- Given data
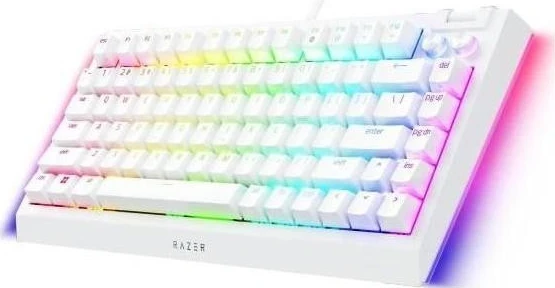 Mehanska tipkovnica 75% US, bela — Razer BlackWidow V4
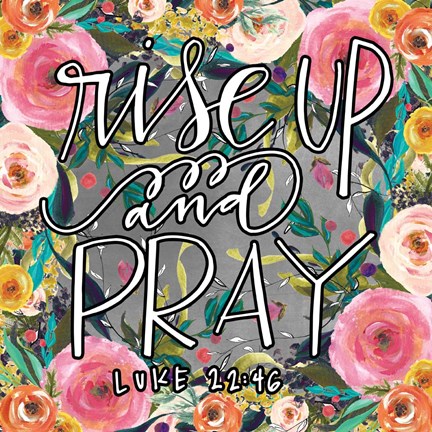 Framed Rise Up Print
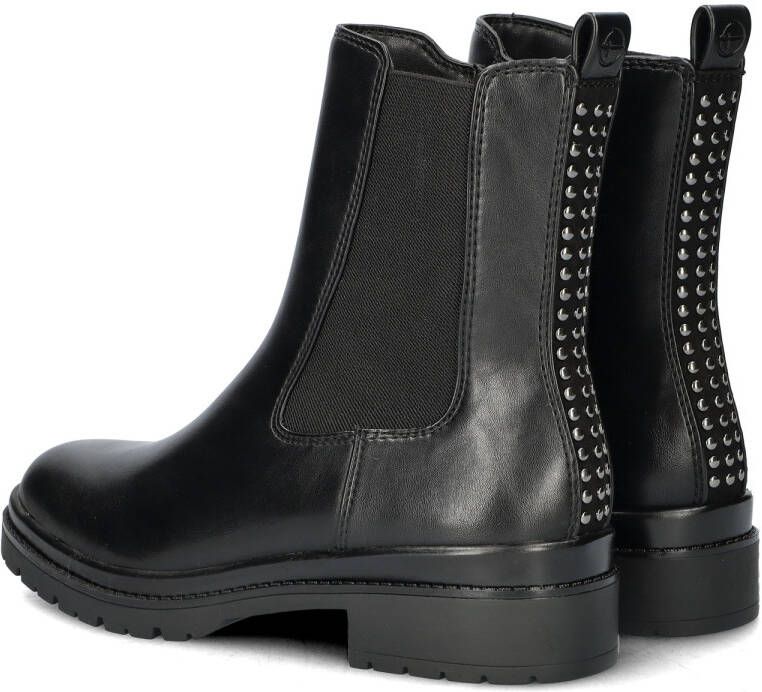 Tamaris Chelsea-boots blokhak business schoen enkellaars met comfortabele stretch-inzet - Foto 6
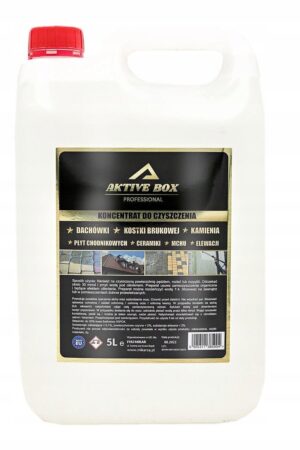 Koncentrat do czyszczenia dachów, kostki brukowej, kamienia i elewacji 5 litrów AKTIVE BOX AB1221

- Task description
From the line containing "Tamaris Chelsea-boots blokhak" through the final line of the listing, copy every line exactly and nothing else. Skip the pictures.

- Task answer
 Tamaris Chelsea-boots blokhak business schoen enkellaars met comfortabele stretch-inzet - Foto 6
 Koncentrat do czyszczenia dachów, kostki brukowej, kamienia i elewacji 5 litrów AKTIVE BOX AB1221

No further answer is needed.